Confident that Iraq would opt for an "urban-centric" defense around Baghdad, "what the Pentagon did not understand was that the Iraqis planned to expand that strategy to include Nasiriya, Najaf, Samawa and other towns in southern Iraq." The other reason the war has been so vexing, the analyst said, was that "the Pentagon did not gather an overwhelming force to start the campaign."


Defense Secretary Donald Rumsfeld and his aides relied too much on high-tech military gear, thinking that "small, mobile but potent forces ... are the wave of the future," the analyst added. "But airplanes do not hold territory," and now the allied force is stretched too thin and "faces the prospect of a longer war." "The most important lesson we've learned in the first week of the Iraq war is that it's harder to kill a regime than it is to defeat an army," wrote The Wall Street Journal.

The effort, the editorial said, has been "defined by restraint," while the Iraqi forces have resorted to "grotesque tactics," of terrifying their own people into fighting, and a "strategy of disguise, ambush and delay." Recalling some expert's advice that "Arab cultures despise weakness in an adversary above all," the Journal suggests that the Iraqis "will only be impressed now if they see that the US will wage this war with everything that is needed to prevail.

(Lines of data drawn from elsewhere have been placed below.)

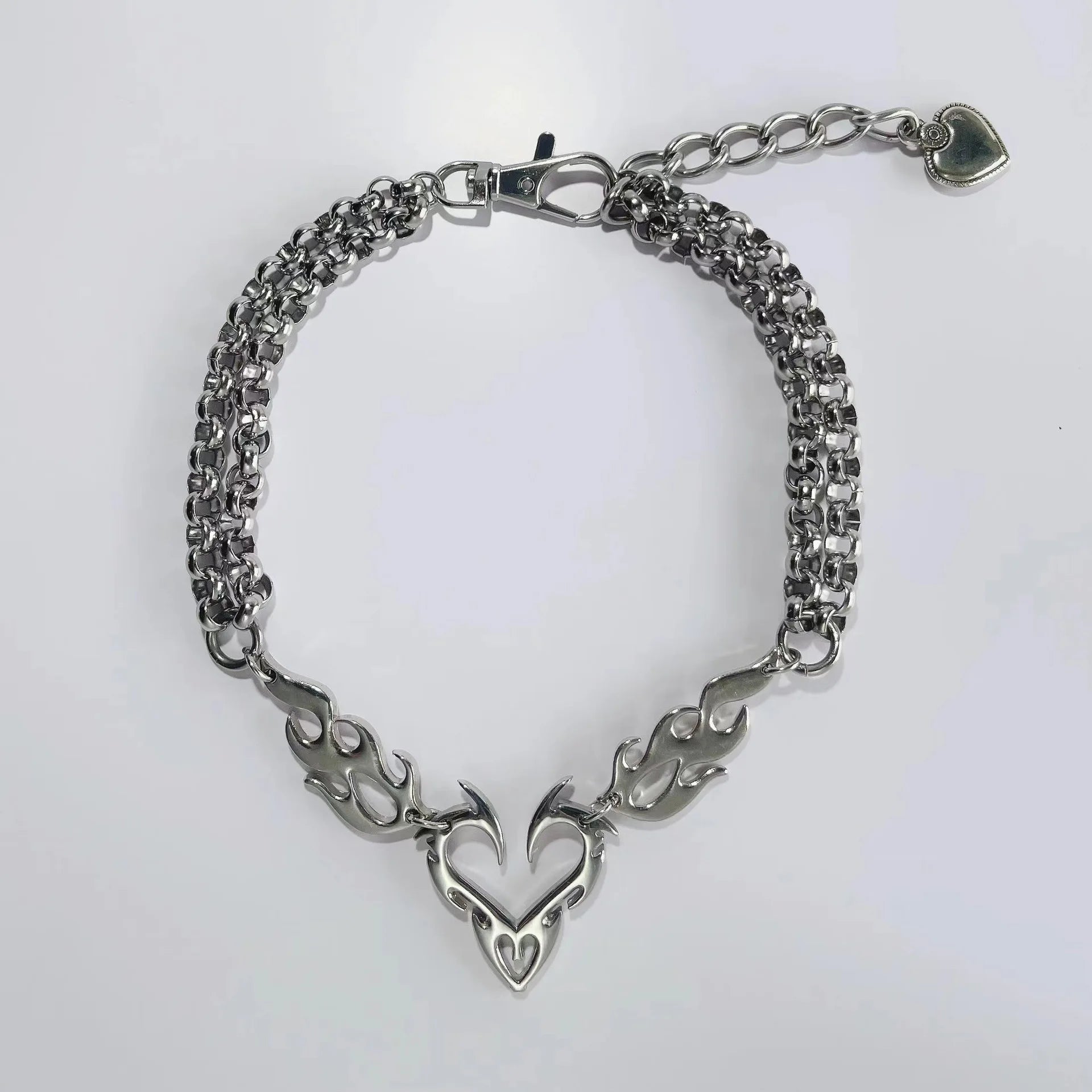 Tough Flame Heart Necklace for Rebellious Souls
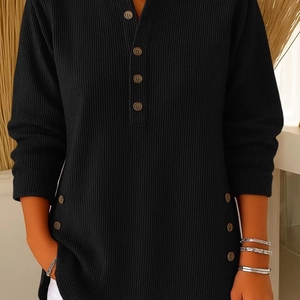Women's black waffle knit V-neck long sleeve top with decorative buttons for casual style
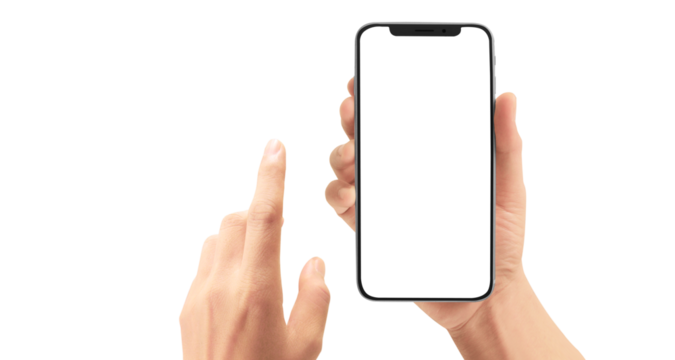 Hand holding new smartphone . Smartphone  png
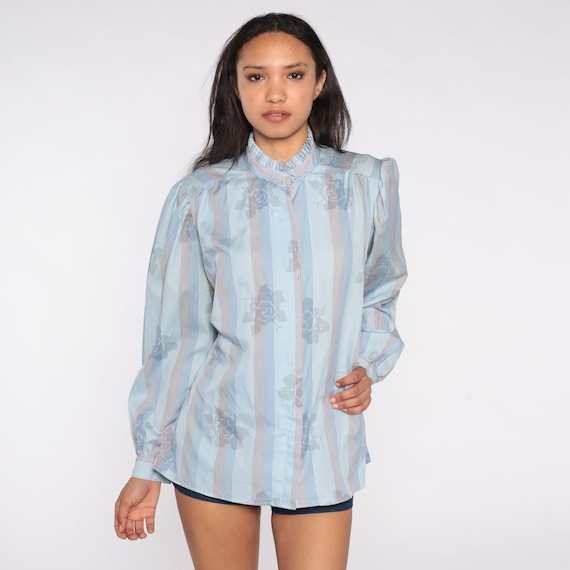 Ruffle Neck Blouse 80s Blue Striped Floral Print Shirt Boho Puff Sleeve Victorian Top 1980s Vintage Romantic Secretary Shirt Extra Large XL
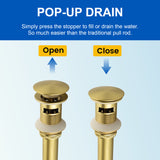 Single Hole Vessel Bathroom Faucet1.2GPM Round Hot Cold Tall Basin Mixer with SUS 304 Drain Assembly -Matt Black, Chrome, Brushed Nicke, Brushed Gold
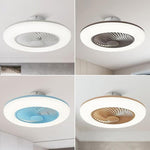 Lame Modern Round Plastic Flush Mount Ceiling Fans - Lamp Outdoor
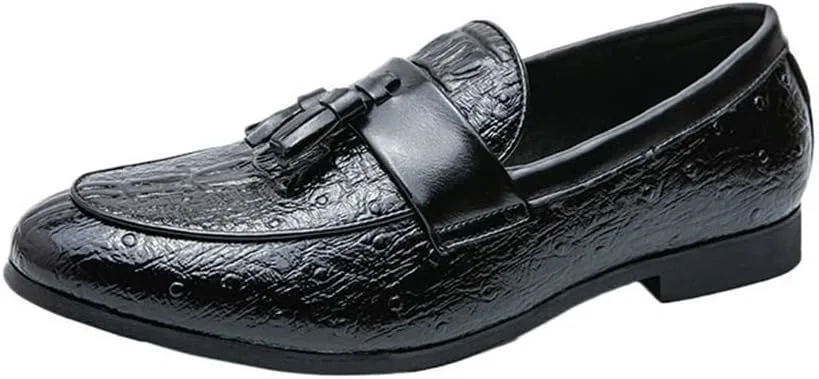 Лоферы из экокожи с крокодиловым принтом, кисточки, Black DHFIRUFSHLO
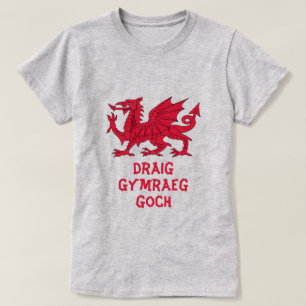 draig Gymraeg goch I red Welsh Dragon T-Shirt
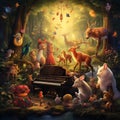 Whimsical Musical Scene with Resonant Melodion and Enchanted Forest Animals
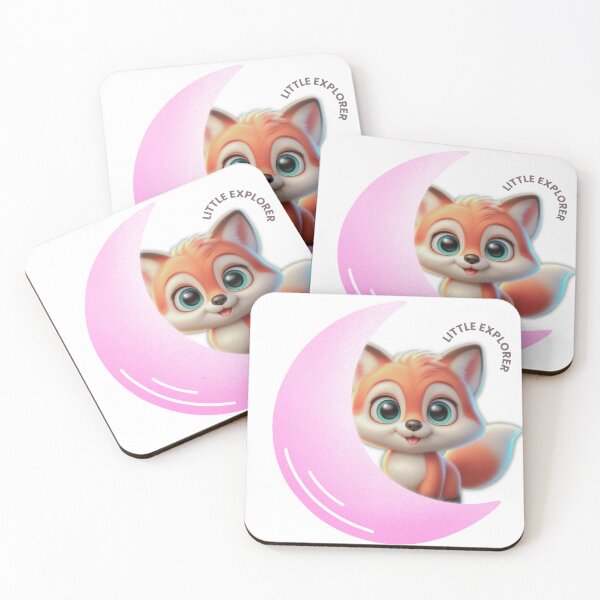 Item preview, Cute Fox Pink Moon Sticker – Kawaii Little Explorer Fox Design designed and sold by lunadesignsmoon.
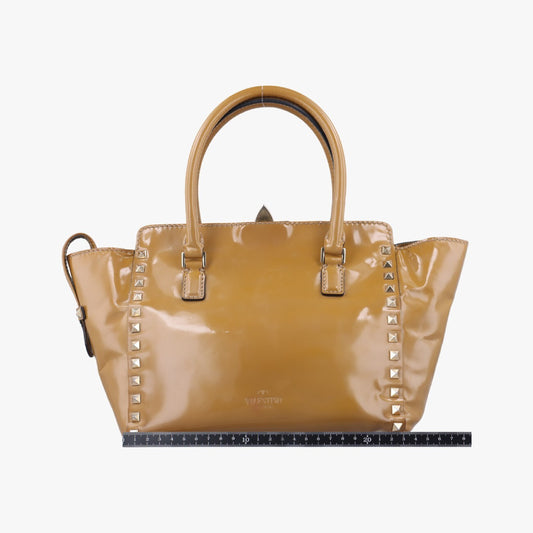 VALENTINO Rockstud Beige Patent BGF540VNE1 Shoulder Bag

"If civilians die because they were placed in front of military targets, the moral responsibility for their harm will rest with those who put them there," the daily said. "While in the near term we are likely to endure some nasty TV images, in the long run this US determination will save both Iraqi and American lives."

In a separate editorial, The New York Times said the United Nations "should become the overall trustee of Iraqi sovereignty in the period before Iraqis themselves resume control." Only then can the United States prove "that its intentions are altruistic" and "begin to heal the transatlantic rift."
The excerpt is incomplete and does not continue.